I think the way forward for trains is for cars to become prohibitively expensive for most people.

I too have an affinity for people who are so X that even other Xs think he's annoying.

A kindred spirit!

I'll be honest, I prefer trains by a lot. I grew up in the middle of nowhere where you needed a car to do anything. My family car broke down all the time and left me immobile, so for me driving only ever represented how stark the limitations on my freedom were. When I grew up and moved to the city I assumed things would be better, only to realize that almost nothing that makes me feel less free than being stuck in urban traffic.

That said, I tried as much as possible to keep my personal experiences out of it, and I don't begrudge the existence of the suburbs or anything. I think you're right that the current situation represents at least some people's preferences - O'Toole cites somewhere that large majorities of people say they want to someday live in single family houses, which is unsurprising. I think America should host all forms of urban planning as catered to different people's needs. I also think there's a balance to be walked between accommodating those different needs that isn't walked well (ie, was it reasonable for New York City to bulldoze hundreds of thousands of apartment units to build expressways for people outside of the city?).

I also think the current situation is to burdened by regulatory nudges and government intervention to really get a good look at what people's revealed preferences would look like.
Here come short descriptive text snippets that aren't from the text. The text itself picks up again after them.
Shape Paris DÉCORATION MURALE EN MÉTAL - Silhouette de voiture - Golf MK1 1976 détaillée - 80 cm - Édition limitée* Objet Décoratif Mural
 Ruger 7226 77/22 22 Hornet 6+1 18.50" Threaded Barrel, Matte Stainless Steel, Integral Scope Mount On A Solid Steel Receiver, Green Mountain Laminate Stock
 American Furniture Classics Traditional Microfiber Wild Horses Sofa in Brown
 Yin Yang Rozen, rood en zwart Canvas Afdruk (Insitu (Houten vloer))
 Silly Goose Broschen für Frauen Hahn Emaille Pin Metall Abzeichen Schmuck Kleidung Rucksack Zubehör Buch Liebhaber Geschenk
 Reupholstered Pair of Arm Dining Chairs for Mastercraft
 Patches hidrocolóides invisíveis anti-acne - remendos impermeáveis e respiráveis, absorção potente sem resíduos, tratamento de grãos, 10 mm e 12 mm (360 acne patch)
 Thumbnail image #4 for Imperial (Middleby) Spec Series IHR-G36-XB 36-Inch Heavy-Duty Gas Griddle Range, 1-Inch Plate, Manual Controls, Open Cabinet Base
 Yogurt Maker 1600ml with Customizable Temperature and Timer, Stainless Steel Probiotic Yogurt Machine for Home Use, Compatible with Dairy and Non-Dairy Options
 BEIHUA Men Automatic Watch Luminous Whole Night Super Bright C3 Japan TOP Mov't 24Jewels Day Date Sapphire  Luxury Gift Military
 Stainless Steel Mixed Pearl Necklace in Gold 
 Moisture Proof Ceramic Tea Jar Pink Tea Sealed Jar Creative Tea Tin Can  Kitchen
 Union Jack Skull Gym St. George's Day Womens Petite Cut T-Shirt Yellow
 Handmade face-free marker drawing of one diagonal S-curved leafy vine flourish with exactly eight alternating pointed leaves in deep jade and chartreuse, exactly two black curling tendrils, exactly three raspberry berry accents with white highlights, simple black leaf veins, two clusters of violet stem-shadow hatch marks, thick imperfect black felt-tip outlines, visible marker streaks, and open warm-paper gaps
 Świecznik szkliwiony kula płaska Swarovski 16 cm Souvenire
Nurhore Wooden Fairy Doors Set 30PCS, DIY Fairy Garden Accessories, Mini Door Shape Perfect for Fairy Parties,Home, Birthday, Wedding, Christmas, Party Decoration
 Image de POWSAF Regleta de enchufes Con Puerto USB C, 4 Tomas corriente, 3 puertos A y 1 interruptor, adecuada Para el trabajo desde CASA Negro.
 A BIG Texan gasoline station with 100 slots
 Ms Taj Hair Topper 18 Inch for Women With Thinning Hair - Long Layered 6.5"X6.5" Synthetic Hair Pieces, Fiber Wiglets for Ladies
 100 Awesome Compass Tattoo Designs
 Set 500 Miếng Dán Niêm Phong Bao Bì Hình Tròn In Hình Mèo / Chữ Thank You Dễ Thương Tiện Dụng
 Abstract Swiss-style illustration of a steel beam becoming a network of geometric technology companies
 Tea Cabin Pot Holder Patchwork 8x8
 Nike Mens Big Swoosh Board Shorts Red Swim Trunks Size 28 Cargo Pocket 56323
For instance, this paper showing that if parking minimums weren't set most businesses, trying to predict the needs of their customers, would probably build less parking than mandated (if this wasn't true, it would odd that we set minimums anyway).

As for the transit debate: personally, all else being equal, do you prefer the user experience of trains or cars?

I like trains.

If I want to visit the conservatory, I can take a train and walk one kilometer. It will take me 35 minutes, door to door. If I take my car to go there, it will take about 25 minutes to drive there, plus five minutes looking for a parking spot, plus five more minutes walking from that spot to the conservatory. More or less the same time. Train tickets are cheaper than parking fees. I don't spend 50 minutes of my life maintaining the distance from the car in front of me. I could use a ridesharing service to get the best of both worlds, but that would easily quadruple the costs.

What do you do if you want to visit the conservatory in a thunderstorm?

Take an umbrella with me, leave ten minutes earlier and use a different route that lets me ride a bus instead of walking. It's not like taking the car would protect me from the rain.

As for the transit debate: personally, all else being equal, do you prefer the user experience of trains or cars?

Not OP, but I think the question calls to mind the reality that all else is pretty much never held equal. In just about every situation I can think of, I'm going to be thinking about tradeoffs between cars and trains and which one I prefer will depend on the scenario. In the event that all else was equal, I would tend to say that I prefer trains though.